[Web page caption snippets]
Start of Block
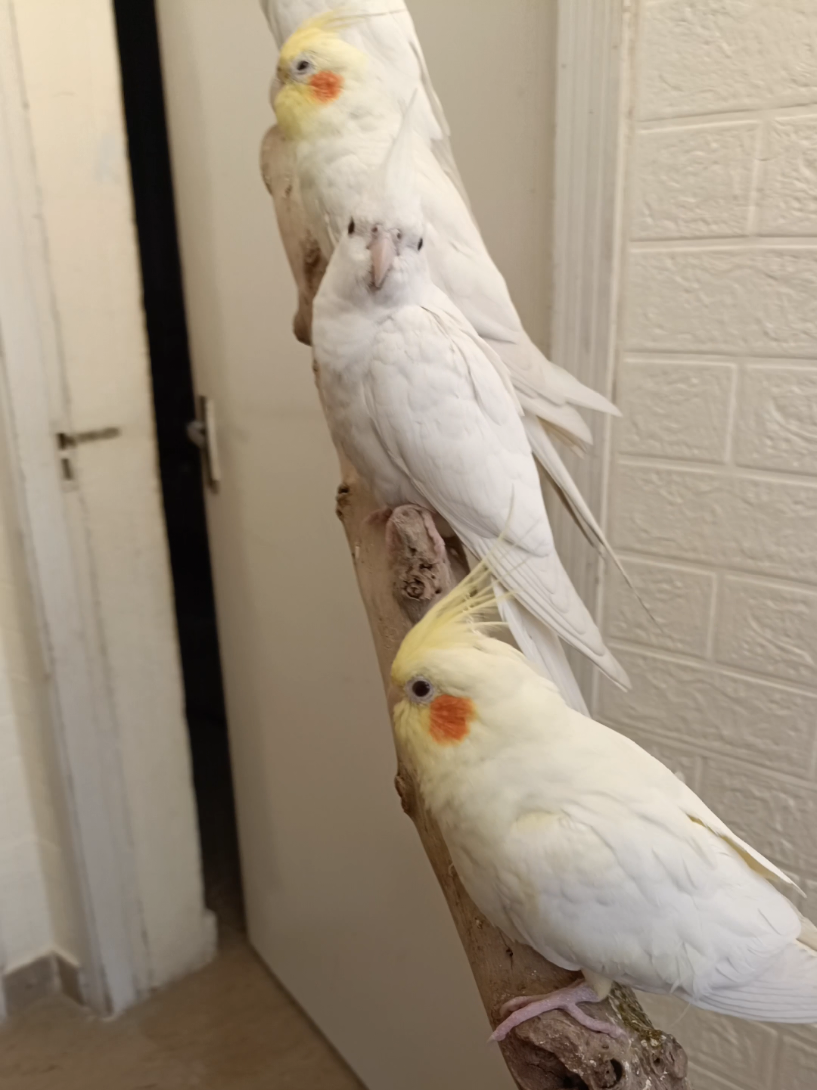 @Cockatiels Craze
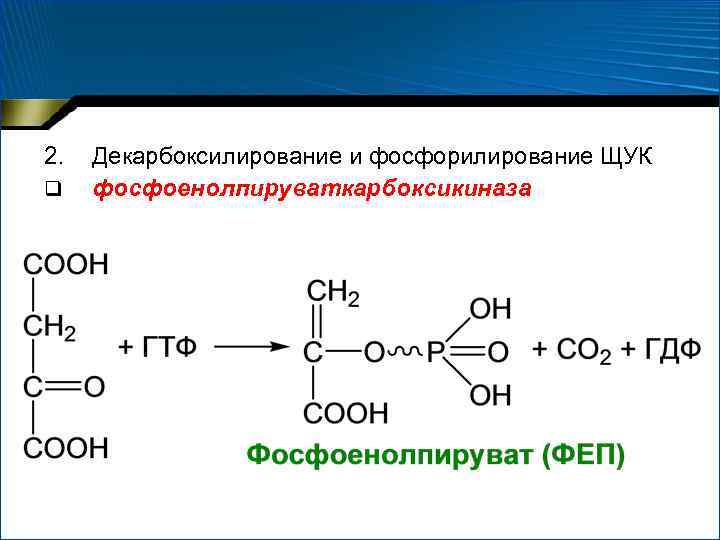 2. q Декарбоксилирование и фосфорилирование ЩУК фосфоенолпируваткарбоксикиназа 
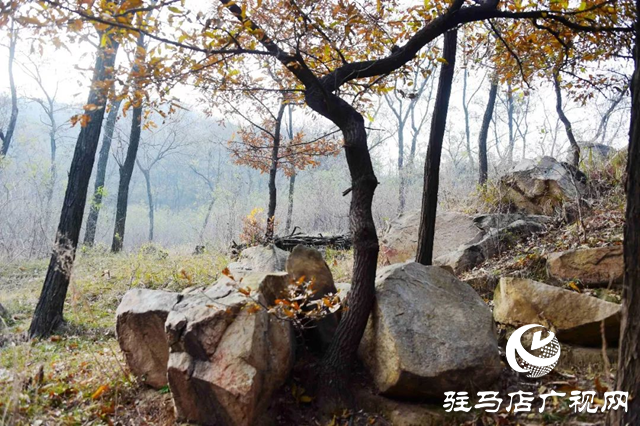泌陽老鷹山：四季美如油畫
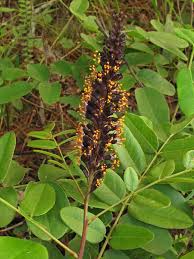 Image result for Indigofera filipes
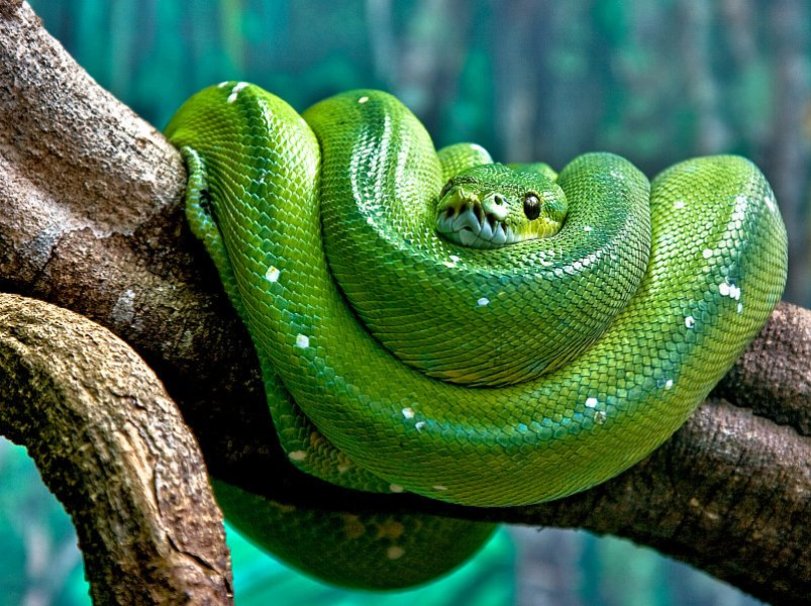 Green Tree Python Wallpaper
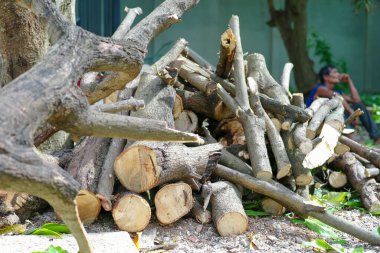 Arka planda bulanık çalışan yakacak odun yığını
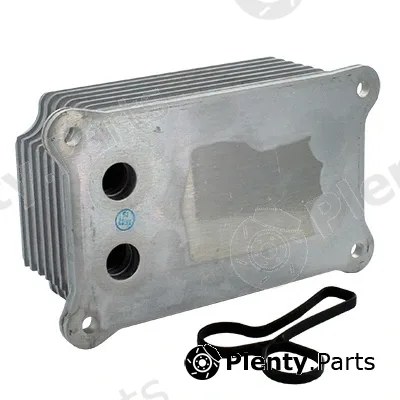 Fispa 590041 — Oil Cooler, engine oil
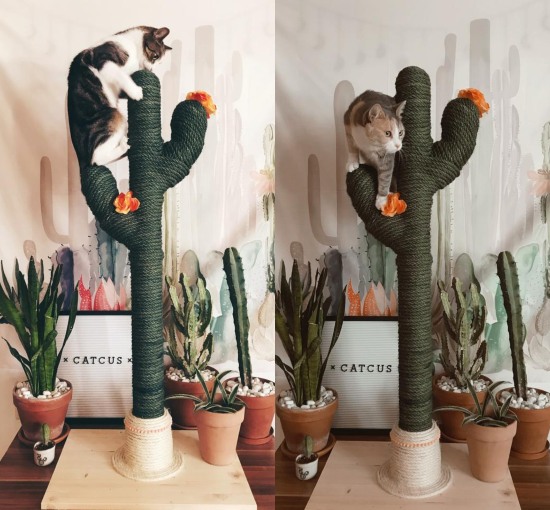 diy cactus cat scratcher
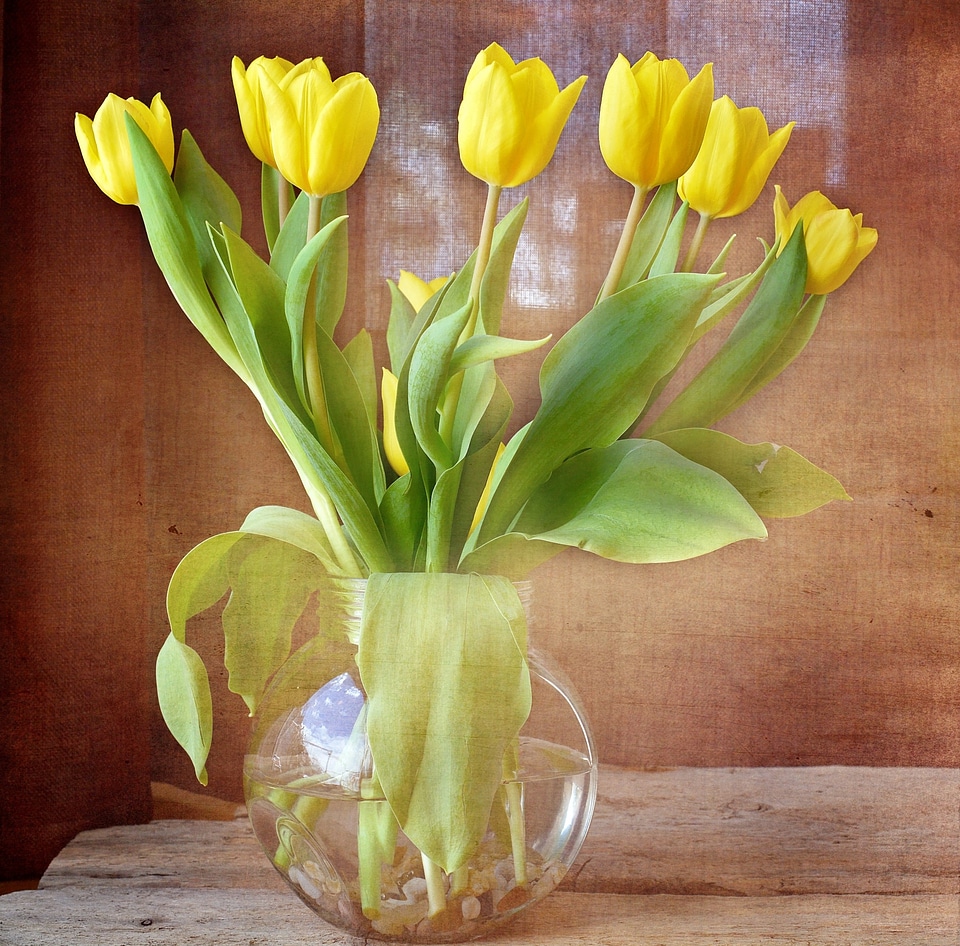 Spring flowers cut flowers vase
End of Block
§ WORK REQUEST
Please set down only the lines from the one containing "2. q Декарбоксилирование" through the end of the entries, exactly as they stand, both ends included and with no pictures.

§ EXPECTED OUTPUT
 2. q Декарбоксилирование и фосфорилирование ЩУК фосфоенолпируваткарбоксикиназа 
泌陽老鷹山：四季美如油畫
 Image result for Indigofera filipes
 Green Tree Python Wallpaper
 Arka planda bulanık çalışan yakacak odun yığını
 Fispa 590041 — Oil Cooler, engine oil
 diy cactus cat scratcher
 Spring flowers cut flowers vase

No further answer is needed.